Thousands of social currencies are emerging as people lose confidence in the ability of the dollar to store value. At the end of the day, a currency is a social agreement. People need to agree that whatever they use for the storage and exchange of value accurately represents their productivity – otherwise they will not work for it.

Of course this is much easier said than done. Alternate currency advocates continue to stumble across substantial structural issue is defining their currency; It must be scarce, it must be difficult to forge, debase, or counterfeit and it must be accepted by everyone.

The only thing that fits all of those criteria is ‘Time’.

(See the video on that post for more details. To give some idea, their proposed currency-unit has the revoltingly-‘cutesy’ name of ‘rallod’, being the inverse of ‘dollar’… Oh well…)
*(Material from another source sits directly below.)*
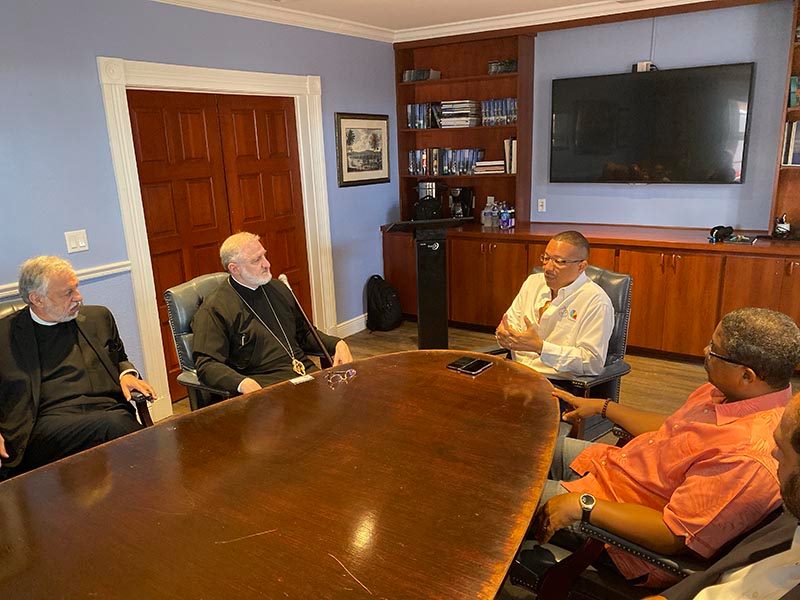 Archbishop Elpidophoros met with the Honorable Deputy Prime Minister Peter Turnquest and President of the Grand Bahama Port Authority, Limited & Port Group, Ian Rolle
Dan Robles’ article was a guest-post on Jay Deragon’s ‘Relationship Economy‘ weblog, which has the tagline “You cannot see what you do not understand”. Which is unfortunate, because what’s being displayed in this case is a serious lack of understanding of the real nature of economics. But this is by no means the fault of one writer, one group: it’s a fault that’s common to all proponents of ‘alternative-currencies’.

The problem isn’t in the detail of the currency: that’s literally just detail. The problem is deeper than that – much deeper.

To use the over-worn metaphor, all the different would-be currencies are just different-shaped deckchairs on the Titanic. The real problem is that the ‘unsinkable ship’ of current economics is in the process of disembowelling itself against an immoveable iceberg – meeting up with a world-scale ‘mythquake‘, to use another metaphor – and right now that entire structure is in the process of coming apart at the seams. Shifting deckchairs around and arguing about which deckchair is ‘best’ is not going to make much difference to that: and the deckchairs themselves are not going to be much use for keeping anything afloat when the structure itself has sunk beneath the waves.

In other words, the arguments about currencies and the like are all at the wrong level: they build everything outward from a specific assumption, but the reality is that it’s only an assumption, one that only works in certain special-cases, and we’re now in the process of moving beyond the conditions under which it can work.

As to what that assumption is, and what we can do instead, is something that I’ll come back to in a moment. But right now it’s worth noting that there’s an almost exact parallel here between currencies in relation to economics, and IT and the like in relation to enterprise-architectures.

In both cases, the entire requirements-analysis process is run backwards. Instead of trying to understand the problem-space, currency-proponents and IT-system proponents alike will start in solution-space, clarify their own understanding of the solution-space, and only then turn to look at the problem. Everything about the problem-space is viewed in terms of the assumptions and preferences of the chosen ‘solution’: “This is the solution! We can solve every problem with this solution!” The result is that the problem-space is distorted, often to extremes, in order to fit in with the constraints and limitations and inadequacies and assumptions of the ‘solution’: all too frequently the attitude is that if the world doesn’t match up with the ‘solution’, it’s the world that’s at fault, and should and must change itself to suit the ‘solution’ – as in the old joke about Levine the Genius Tailor.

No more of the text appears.